[Input data — start]

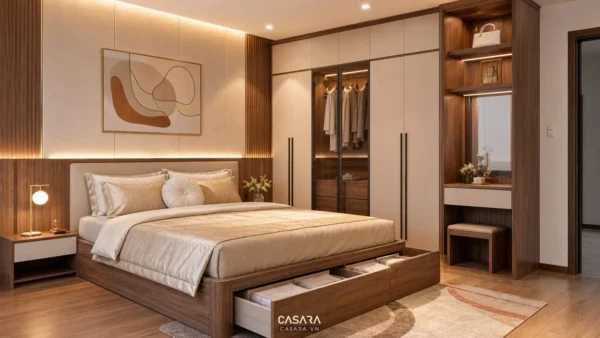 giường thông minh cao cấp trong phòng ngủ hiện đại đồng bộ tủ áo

[Input data — finish]
[Input data — start]

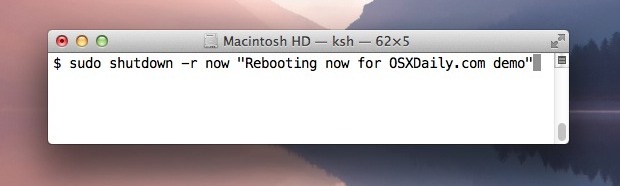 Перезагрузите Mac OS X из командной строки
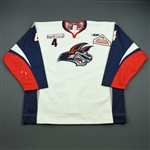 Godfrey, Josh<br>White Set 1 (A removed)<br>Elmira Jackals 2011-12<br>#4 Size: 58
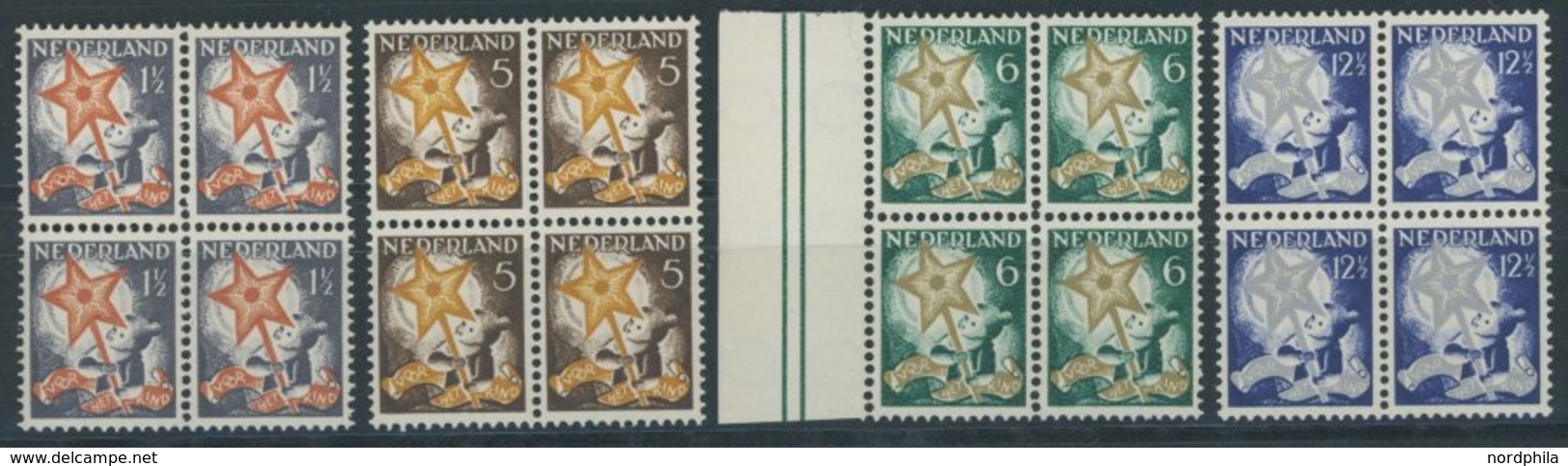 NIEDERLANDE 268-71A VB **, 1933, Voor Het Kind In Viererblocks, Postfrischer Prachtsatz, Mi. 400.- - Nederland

[Input data — finish]

Everything above from the line with "Godfrey, Josh<br>White Set" through the line with "NIEDERLANDE 268-71A VB" should be retyped exactly, and nothing else; omit pictures.

▶ [Written response]
 Godfrey, Josh<br>White Set 1 (A removed)<br>Elmira Jackals 2011-12<br>#4 Size: 58
 NIEDERLANDE 268-71A VB **, 1933, Voor Het Kind In Viererblocks, Postfrischer Prachtsatz, Mi. 400.- - Nederland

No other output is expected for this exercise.